__INFORMATION SUPPLIED__.

= = = = =

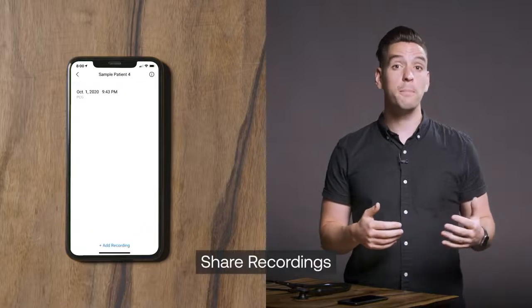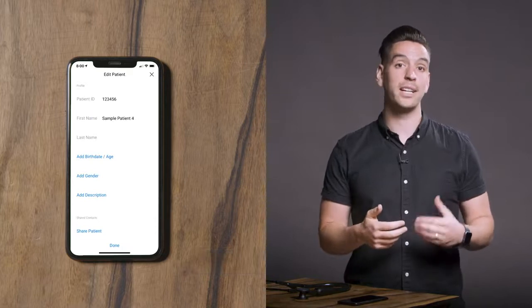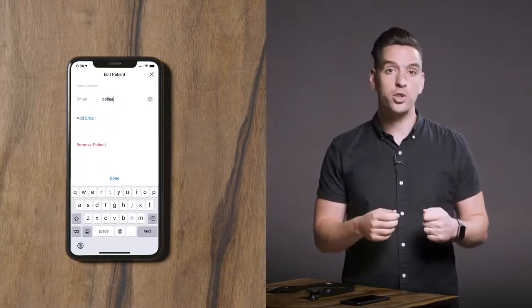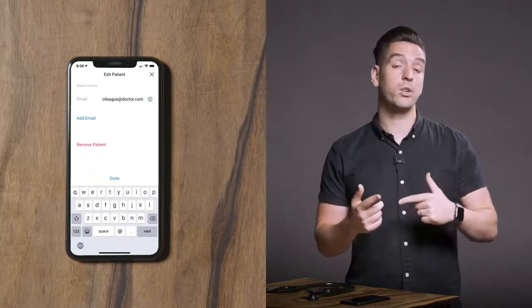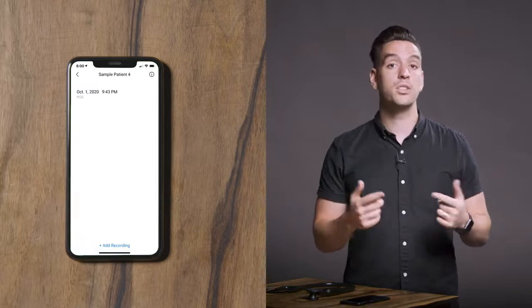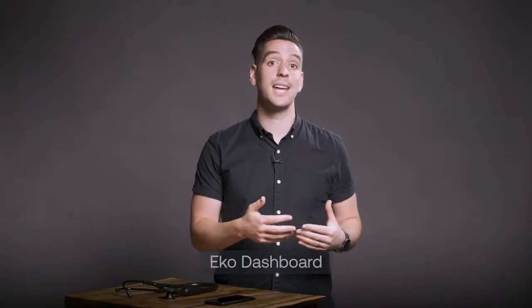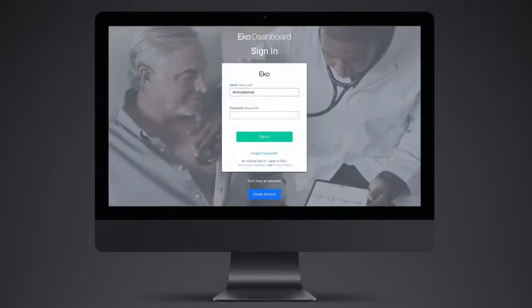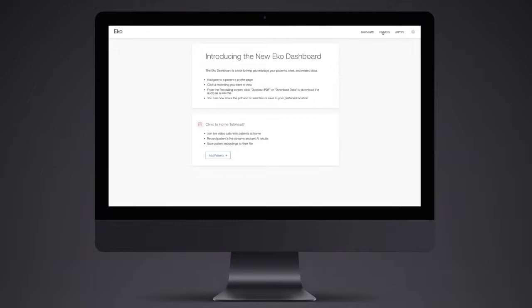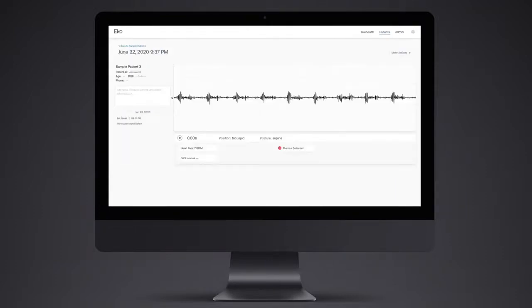To share a patient's recordings, go to the patient you wish to share and click on the information button in the upper right. Scroll down and click share patient. Simply enter the email address of the intended recipient and an email will be sent. The recipient will be directed to create a free Echo account to securely view the data. All data stored on the Echo mobile app sync to the connected dashboard. Using the dashboard you can do deeper analysis or download reports. Click on the dashboard button at echohealth.com and log in with your Echo app credentials. Navigate to the patient's profile to view and select the recording you want to download. From here you can download PDF reports and the actual sound file.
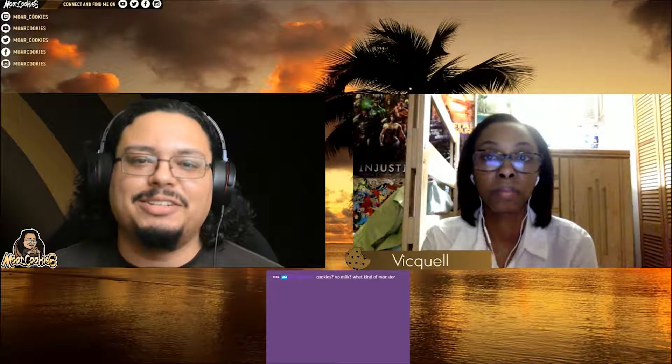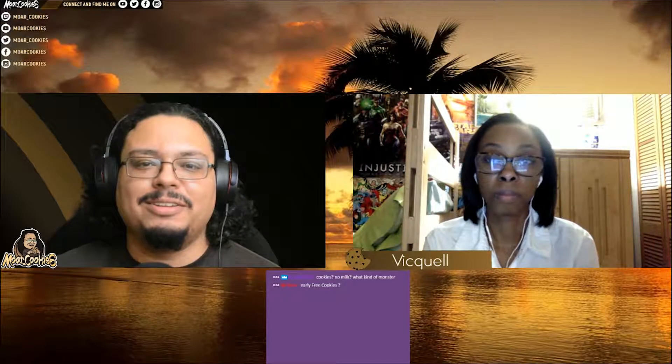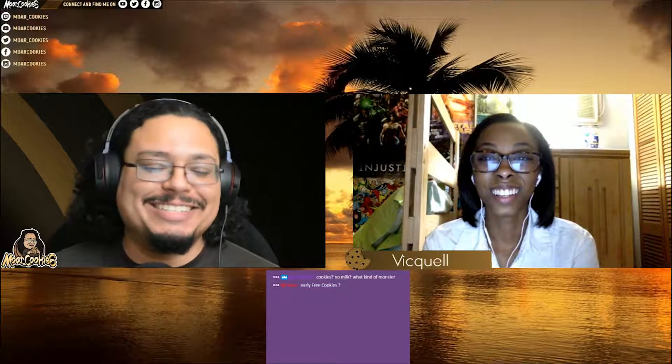Welcome to this week's episode of Tech Talk. I'm your host Michael Amorgan, and with us this week is Vicky. We're supposed to be having another guest, Chris, a little bit later on, so don't be too surprised when he stops in.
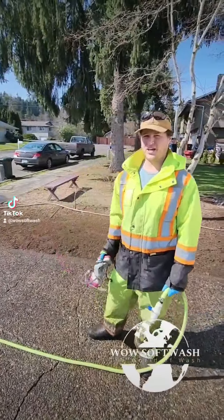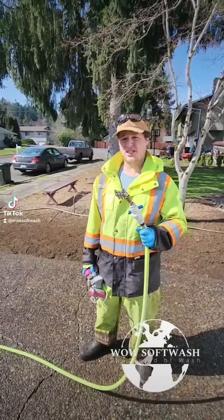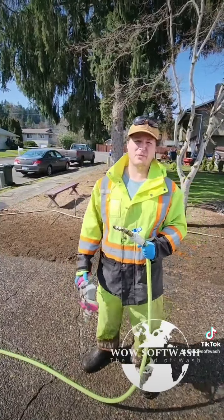All right. We got the concrete cleaned off. We pressure washed it. Now we're going to follow behind that with a post-treatment. It's going to kill the remaining organic growth on the concrete surface, and it's going to prevent it from coming back as quick.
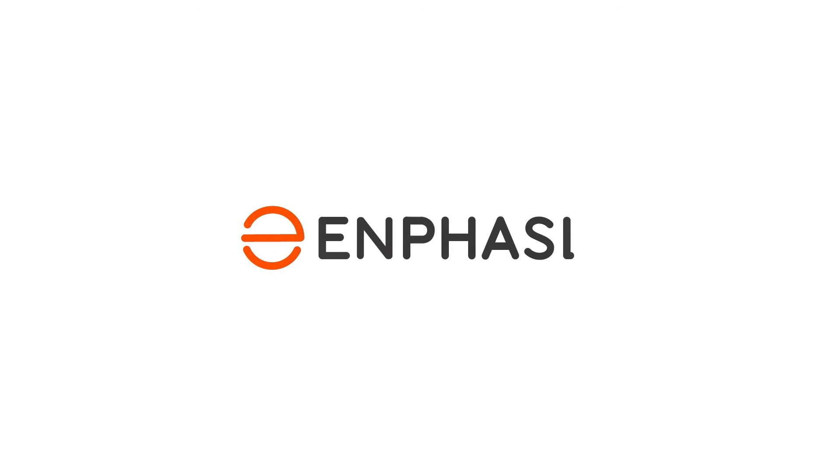Thank you for joining us today. As you can see, the Enphase home energy solution is quick and easy to install. Andy, thank you for your time. For further information, please have a look at Enphase.com.au.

= = = = =

__ASSIGNMENT__.
The entire listing above, word for word and without pictures, is what should be output.

__WRITTEN ANSWER__.
To share a patient's recordings, go to the patient you wish to share and click on the information button in the upper right. Scroll down and click share patient. Simply enter the email address of the intended recipient and an email will be sent. The recipient will be directed to create a free Echo account to securely view the data. All data stored on the Echo mobile app sync to the connected dashboard. Using the dashboard you can do deeper analysis or download reports. Click on the dashboard button at echohealth.com and log in with your Echo app credentials. Navigate to the patient's profile to view and select the recording you want to download. From here you can download PDF reports and the actual sound file.
Welcome to this week's episode of Tech Talk. I'm your host Michael Amorgan, and with us this week is Vicky. We're supposed to be having another guest, Chris, a little bit later on, so don't be too surprised when he stops in.
All right. We got the concrete cleaned off. We pressure washed it. Now we're going to follow behind that with a post-treatment. It's going to kill the remaining organic growth on the concrete surface, and it's going to prevent it from coming back as quick.
Thank you for joining us today. As you can see, the Enphase home energy solution is quick and easy to install. Andy, thank you for your time. For further information, please have a look at Enphase.com.au.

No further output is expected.